Questo è il processo di auto-oggettivazione, ovvero l’interiorizzazione di uno sguardo esterno per guardare a se stessi, enfatizzando la componente corporea come unica misura del proprio valore in quanto persona. Il concetto di auto-oggettivazione è stato affrontato da due prospettive teoriche quasi contemporanee: 1. La consapevolezza del corpo oggettivato di McKinley e Hyde (1996)
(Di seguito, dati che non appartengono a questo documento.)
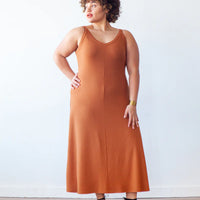 True Bias - Zoey Tank & Dress -14-32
 2. La teoria dell’auto-oggettivazione sessuale di Fredrickson e Roberts (1997) La consapevolezza del corpo oggettivato, McKinley e Hyde: indica quel processo psicologico per cui il soggetto è consapevole di essere considerato esclusivamente in quanto corpo, si compone di tre dimensioni: • La sorveglianza del proprio corpo implica un continuo monitoraggio del proprio aspetto fisico, associato alla tendenza a occuparsene troppo spesso nel corso della propria quotidianità • La vergogna per il proprio corpo deriva dalla percezione del proprio corpo come inadeguato rispetto ai modelli di corpi sessualizzati promossi a livello socioculturale 
 • Le credenze associate al controllo si riferiscono alla credenza di poter modellare e controllare completamente il proprio corpo ed il proprio aspetto estetico 
 La teoria dell’auto-oggettivazione sessuale  Fredrickson e Roberts (1997), il modo di intendere il corpo si costruisce attraverso pratiche culturali e discorsive. I mass media costituiscono un agente di influenza nell’ambiente sociale e contribuiscono a diffondere i processi di oggettivazione sia da un punto di vista culturale che da un punto di vista più individuale, nella costruzione del rapporto delle persone con il proprio corpo. I messaggi oggettivanti dei media vengono veicolati principalmente in due modi:
 1. Mediante la continua proposizione di immagini di modelli di corpi ipersessualizzati e/o caratterizzati da una perfezione inarrivabile
 2. Mediante messaggi specifici che promuovono ed enfatizzano l’importanza prioritaria del corpo. I messaggi che promuovono i processi di oggettivazione sessuale vengono rivolti anche a target molto giovani: ai bambini attraverso prodotti di intrattenimento specificamente rivolti all’infanzia. Anche i prodotti mediatici rivolti agli adolescenti e ai ragazzi giocano sull’ipersessualizzazione, I video musicali, ad esempio. Secondo il modello socioculturale di Thompson e Stice (2001), il problema principale si pone quando i modelli mediatici vengono fatti propri dalle persone.
Gli ideali sociali di bellezza presenti in una cultura, infatti, vengono trasmessi dai media e da altri canali e quindi interiorizzati dalle persone, così che la soddisfazione o insoddisfazione per il proprio aspetto dipendono da quanto le persone si sentono vicine o lontane dall’ideale interiorizzato Lo spettro delle conseguenze a livello individuale è ampio e va dall’insoddisfazione corporea ai disturbi alimentari, dall’abuso di sostanze alla depressione, dai deficit sulla performance alle disfunzioni sessuali. A livello sociale e culturale, l’oggettivazione favorisce il mantenimento di atteggiamenti sessisti, ovvero favorevoli alle diseguaglianze di genere
L’oggettivazione, peraltro, riducendo il valore personale all’aspetto estetico, rinforza quelle credenze sessiste nei confronti delle donne, secondo cui esse sono un oggetto sessuale il cui successo dipende dalla bellezza e dalla capacità di conquistare gli uomini. Relazione tra oggettivazione e giustificazione della violenza: gli uomini che oggettivano le donne tendono ad avere atteggiamenti più favorevoli nei confronti dello stupro ed una maggior disponibilità alla molestia sessuale.